When looking for social data, we at Kahena use a plethora of tools – like Social Crawlitics for share data and Followerwonk for twitter data. Followerwonk is an incredible tool for analyzing specific users and their follower/following/tweet data. But what if I wanted to scrape the users in a Twitter lists? Followerwonk doesn’t have this functionality and I found myself at a loss.

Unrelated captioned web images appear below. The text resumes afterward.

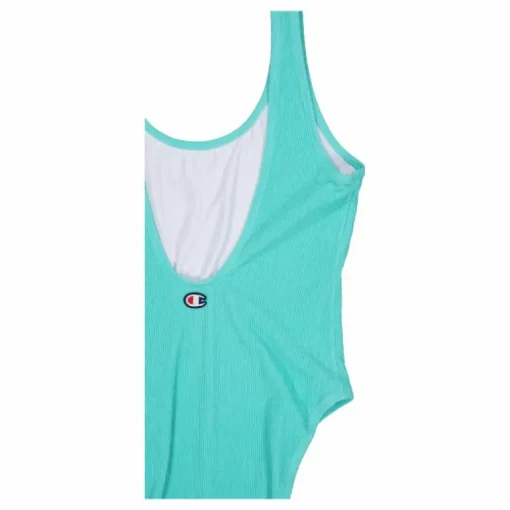 Swimming Suit Cockatoo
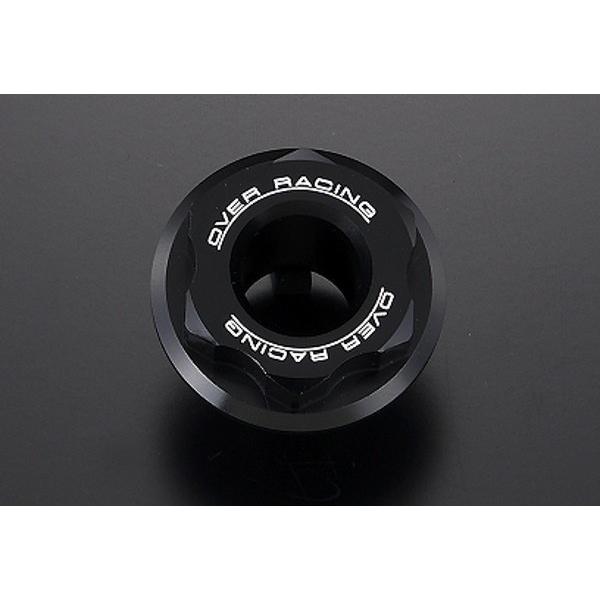 OVER RACING（オーバーレーシング） OVER オーヴァー ステムボルト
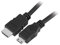 Trevi HD 34-53 Cavo HDMI-Mini HDMI con Conduttori in Rame/Nichel e Interfaccia 1,4 V, Lunghezza 1,5 m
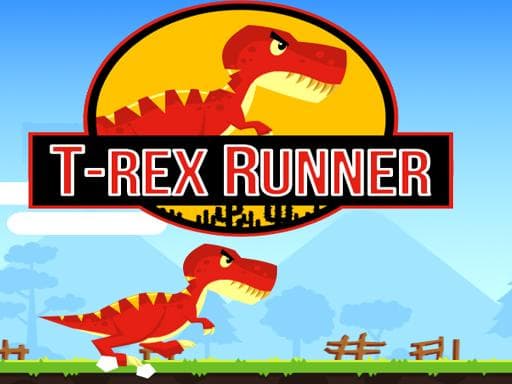 T-Rex Runner thumbnail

The founders of the SearchLove conference series, Distilled, recently created an awesome list on twitter of all attendees and speakers for SearchLove London 2013: https://twitter.com/distilled/searchlove-london-2013/members . This got me excited for the conference and allowed for a bit of pre-conference networking. But how do you prioritize?
Well – the perfect time to procrastinate on my to do list and packing! I built a quick, *very* rough Google Doc tool to scrape a twitter list 🙂
Here’s the result [read only access – FILE / MAKE A COPY to edit it]: https://docs.google.com/a/kahenadigital.com/spreadsheet/ccc?key=0AreQmeK8xd0NdGpRQkVja0xjLXl4dVdmdzhBNUZwZWc&usp=drive_web#gid=2
Screenshot:
How To:
With the help of the good ol’ ImportXML function in Google Docs, you can pretty much scrape anything on the web. However, Twitter uses endless scrolling and dynamically loaded content (AJAX, etc) that won’t be present on initial HTML page load. Here’s how I went about it:
- Scroll to the absolute bottom of the twitter list so all members are loaded. (limited to relatively small lists.. when you get to 1000’s of members, this would be super annoying).
- File / SAVE AS html version. Upload to a random web server so you can access it via your web-browser.
- Crawl with Screaming Frog SEO Spider or Xenu (to get all external links in a CSV). Filter only for twitter username URLs.
- Copy/Paste all of the twitter user URLs in Column A.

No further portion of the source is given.